I mean, using artefacts in exhibitions is not that problematic. Find them on the shelves, dust them off, and put them in some kind of orderly display, that’s it. Well, it’s a little more complicated (especially the orderly display part :-), but that’s the essence of it. This is what museums usually do.

Using collections for teaching and research purposes doesn’t come easily, however. Most museums don’t have to think about it because they are not involved in much regular teaching, and (sorry to say this) because most museums don’t do much research at all (despite their occasional self-understanding). They are usually tuned towards producing exhibitions for mass consumption.

University museums are in a somewhat different situation. They are also involved in exhibition making, of course. But, in addition, they belong to institutions that value research and teaching activities much higher than displays for hoi polloi. So university museums are supposed to engage in research and teaching to a much greater extent than their non-university cousins.

Now, for the benefit of all university museums around the world, UMAC (University Museums and Collections, a subcommittee of ICOM) is organising its 9th international conference in 2009 around the theme ‘Putting university collections to work in research and teaching’, to be held at the UC Berkeley campus, 10-13 September 2009.
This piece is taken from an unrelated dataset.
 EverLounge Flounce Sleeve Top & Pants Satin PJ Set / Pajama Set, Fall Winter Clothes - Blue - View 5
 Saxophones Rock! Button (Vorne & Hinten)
The conference theme interestingly takes the Polish Archival Dictionary’s definition of ‘archive’ — “an institution called upon to guard, collect, sort, preserve, keep and render accessible documents, which, although they are no longer useful on a daily basis as before, nonetheless merit being preserved” — as its point of departure:

It is worth considering the relevance of this definition to the status of university museums and collections. The archival role of public museums, their responsibilities to preserve the material heritage they contain, seems clear enough. In the case of university museums and collections, however, the description of being “no longer useful on a daily basis as before” is seldom accurate. Very frequently, the objects held in academic collections are still quite actively used in research and in the classroom. The dividing lines among the accumulation of objects in individual faculty laboratories, departmental teaching collections and fully-fledged university museums are blurry. Indeed, university museums are full of objects, specimens and artifacts that entered the university in the course of faculty research and teaching activities. In justifying the relevance (and in some cases even the continued existence) of university collections, their ongoing utility in relation to the teaching and research missions can be paramount (my emphasis).
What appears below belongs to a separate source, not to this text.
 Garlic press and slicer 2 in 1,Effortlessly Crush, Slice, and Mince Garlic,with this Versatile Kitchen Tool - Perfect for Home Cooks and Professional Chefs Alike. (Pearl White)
The organising committee welcomes presentations from the full range of university collections:

Universities are very different from public museums in containing research materials that may be lodged in formal museums, departments, and individual faculty labs and offices, and that span the full disciplinary range of the university. This multiplicity of collections, and the slippage among them, has created challenges and opportunities that may be analyzed and even celebrated as part of the unique culture and history of university museums. How do collections respond to changes in their user communities, to conflicting demands by different user groups, or to changing research technologies? Collections of historical scientific instruments are good examples of artifacts that have shifted from being research tools (in the sciences) to objects of research themselves (in the humanities). How might these sorts of transformations be encouraged? What are some examples of renewed scholarly or scientific activity that have resulted from either new museum initiatives? How can preservation as a primary mission be balanced with active research and providing classroom access?

They encourage papers that give an historical perspective to these questions, papers that address instances of current programs, difficulties and successes, and papers that suggest new models for developing the research and teaching potential of museum collections for diverse user communities:

  • Where are university collections and museums placed within the administrative structure of the university? Are they allied to one particular department or discipline, or are they freestanding in their research affiliations? How has administrative placement affected research uses, demands by different user groups, and other functions of the museum? How can collections make themselves more visible to new scholars and students so that they can maximize their research potential?
  • All disciplines change over time, asking new questions, employing new methods and exploring new objects. Inevitably this means that the relationships of material collections to their disciplines also shift. How have these changes affected the research potential of collections? One dramatic instance in recent decades has been the emergence of increasingly sophisticated forms of DNA analysis, which have changed not only the nature of cladistics but also transformed the relevance and viability of natural history collections.
  • Interdisciplinary and multi-disciplinary collaborations are now at the forefront of most research, even in the humanities. How have such collaborative research programs affected the use of collections?
  • How are collections used for teaching? Are there accessibility issues that must be solved? In particular, how are they made available to undergraduates for research as well as teaching or display purposes? Are there instances where public or community groups become involved in the teaching or research functions of the museum? How can university museums and collections best convey the findings of current research to students and the general public? Can and should the research mission of a museum be integrated into its public mission?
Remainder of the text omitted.